(Short text fragments from websites)
= = = =
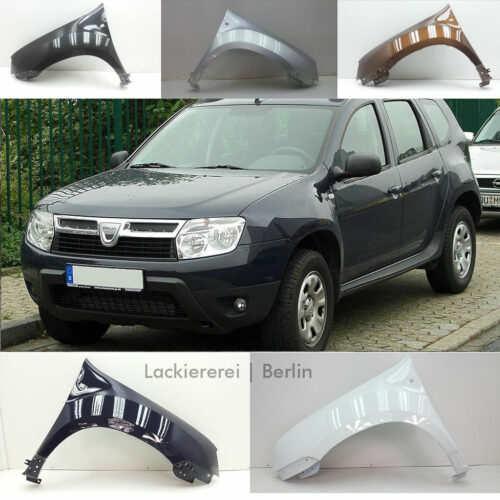 KOTFLÜGEL VORNE LACKIERT IN WUNSCHFARBE NEU für Dacia Duster 2010-2017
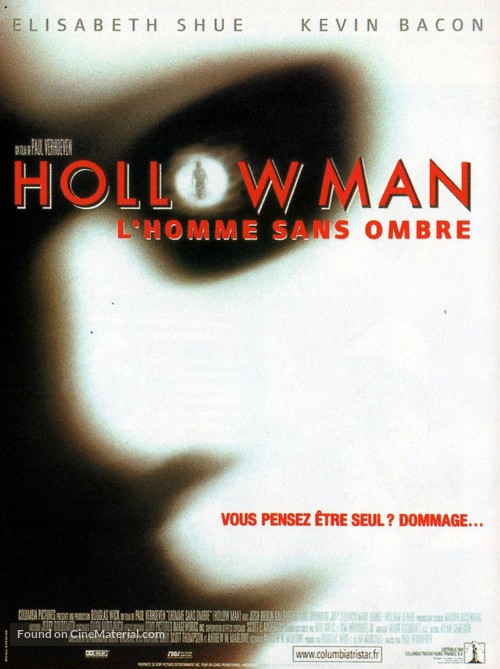 Hollow Man - French Movie Poster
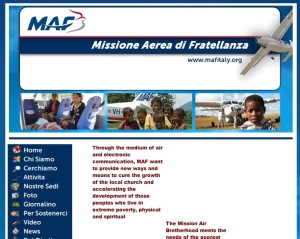 MAF Italy website by Kaimanui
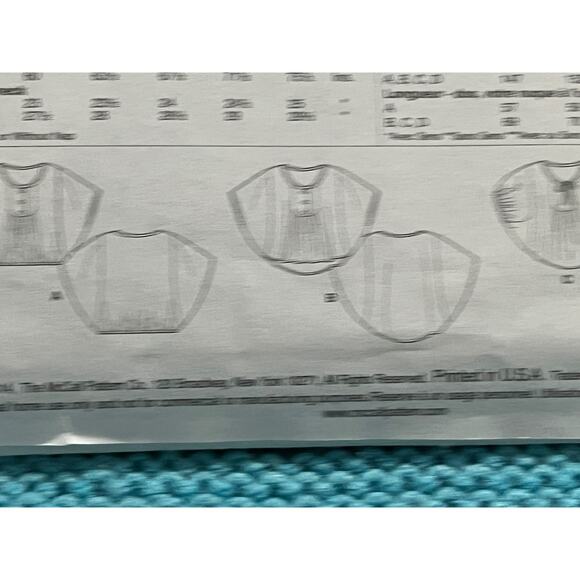 McCalls 6962 Sewing pattern top flutter sleeve size L XL XXL - Picture 6 of 7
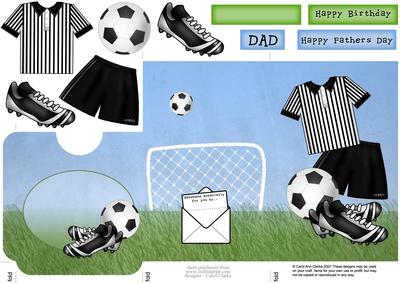 Football Lottery Wallet Card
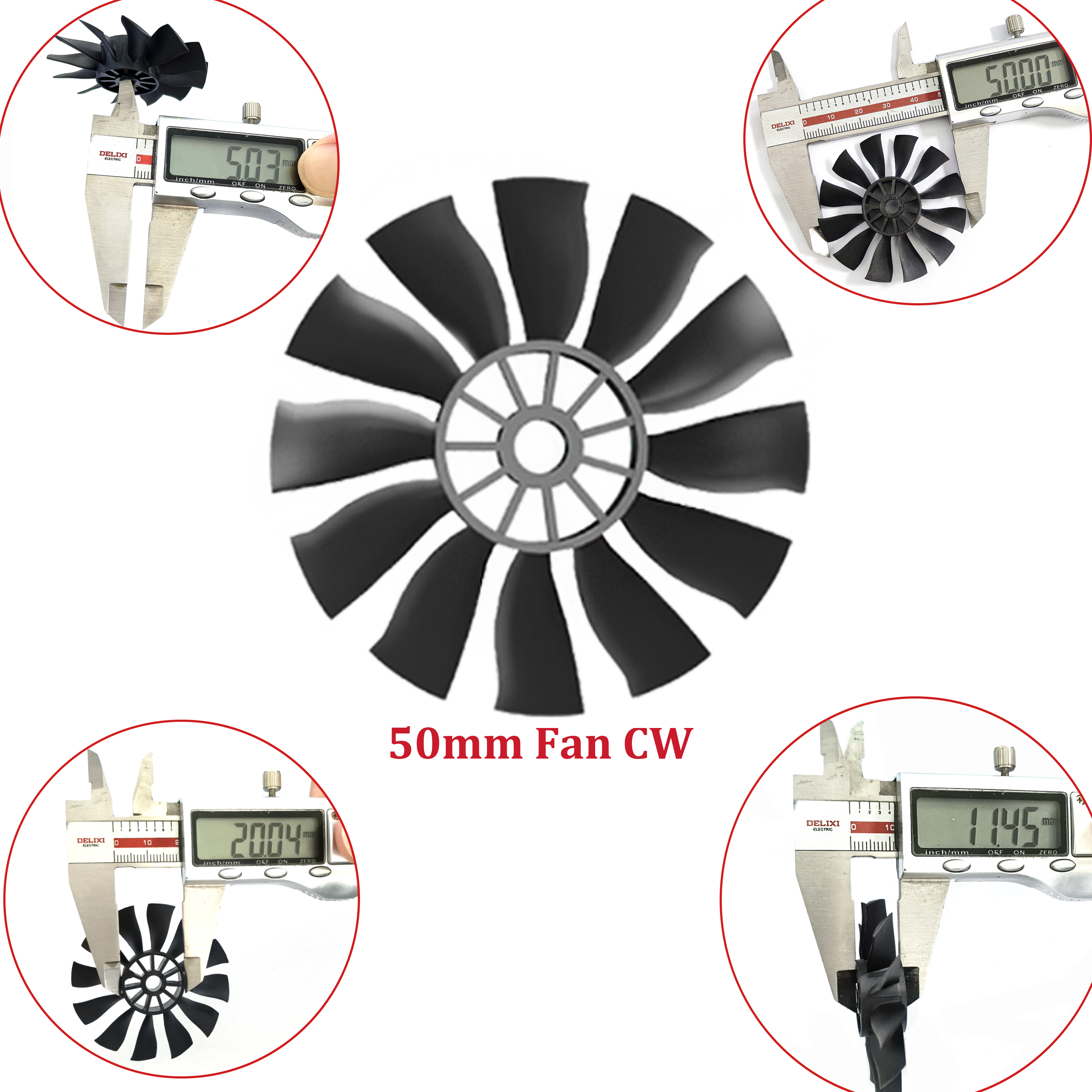 QX-MOTOR 12Blades CW CCW 70mm  - Rc Helicopter Blade บทวิจารณ์และราคา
= = = =
Required action =>
Write out the data exactly, but not its pictures.

Answer =>
 KOTFLÜGEL VORNE LACKIERT IN WUNSCHFARBE NEU für Dacia Duster 2010-2017
 Hollow Man - French Movie Poster
 MAF Italy website by Kaimanui
 McCalls 6962 Sewing pattern top flutter sleeve size L XL XXL - Picture 6 of 7
 Football Lottery Wallet Card
 QX-MOTOR 12Blades CW CCW 70mm  - Rc Helicopter Blade บทวิจารณ์และราคา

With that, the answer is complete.